=== Work request ===
In the records below, repeat exactly the lines between the line holding "Complete skin tag" and the line holding "ХРОНИЧЕСКИЙ МЫШЕЧНЫЙ СПАЗМ", inclusive, and drop the pictures.

** Opening Raw data block **

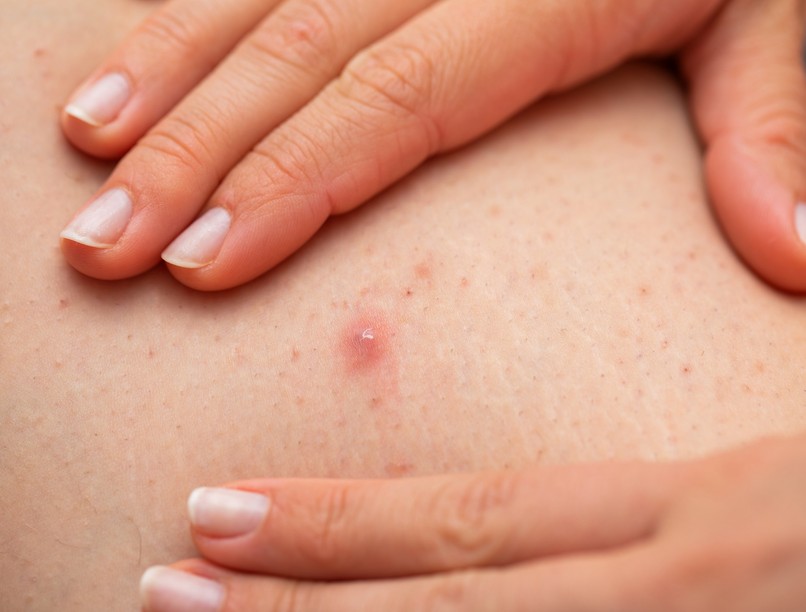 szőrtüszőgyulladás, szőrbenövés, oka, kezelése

** Closing Raw data block **
** Opening Raw data block **

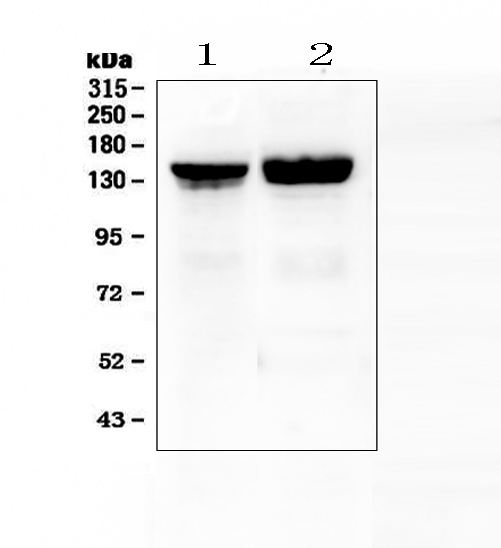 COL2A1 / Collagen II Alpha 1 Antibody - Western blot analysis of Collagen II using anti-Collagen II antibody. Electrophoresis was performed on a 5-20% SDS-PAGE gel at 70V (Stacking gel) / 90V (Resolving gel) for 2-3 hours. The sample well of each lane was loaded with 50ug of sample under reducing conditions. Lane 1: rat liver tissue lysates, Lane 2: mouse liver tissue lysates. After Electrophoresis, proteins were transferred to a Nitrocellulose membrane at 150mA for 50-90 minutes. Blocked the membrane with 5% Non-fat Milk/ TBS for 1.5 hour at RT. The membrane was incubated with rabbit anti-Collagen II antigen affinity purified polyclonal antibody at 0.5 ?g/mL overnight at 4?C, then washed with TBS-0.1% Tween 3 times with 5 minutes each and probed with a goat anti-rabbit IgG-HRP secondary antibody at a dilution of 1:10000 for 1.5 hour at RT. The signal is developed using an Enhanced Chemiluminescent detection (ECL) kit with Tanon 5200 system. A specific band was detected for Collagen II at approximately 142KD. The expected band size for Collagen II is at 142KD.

** Closing Raw data block **
** Opening Raw data block **

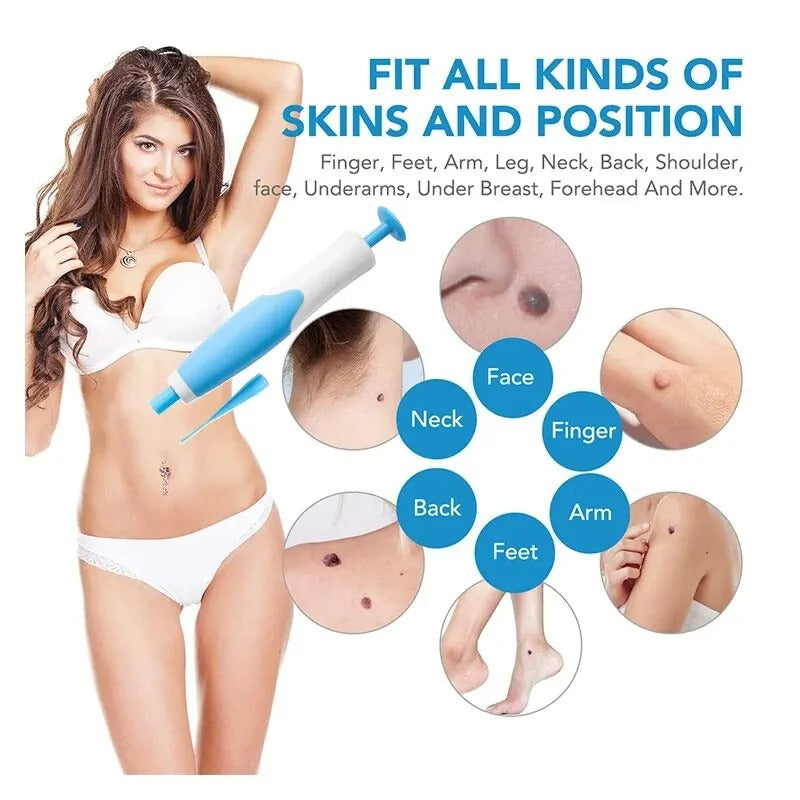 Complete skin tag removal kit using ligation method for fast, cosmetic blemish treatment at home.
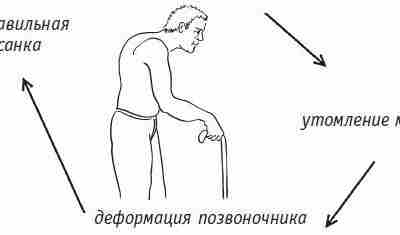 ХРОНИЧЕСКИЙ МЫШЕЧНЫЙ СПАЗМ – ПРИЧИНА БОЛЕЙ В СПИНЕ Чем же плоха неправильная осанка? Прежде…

** Closing Raw data block **

=== Task answer ===
 Complete skin tag removal kit using ligation method for fast, cosmetic blemish treatment at home.
 ХРОНИЧЕСКИЙ МЫШЕЧНЫЙ СПАЗМ – ПРИЧИНА БОЛЕЙ В СПИНЕ Чем же плоха неправильная осанка? Прежде…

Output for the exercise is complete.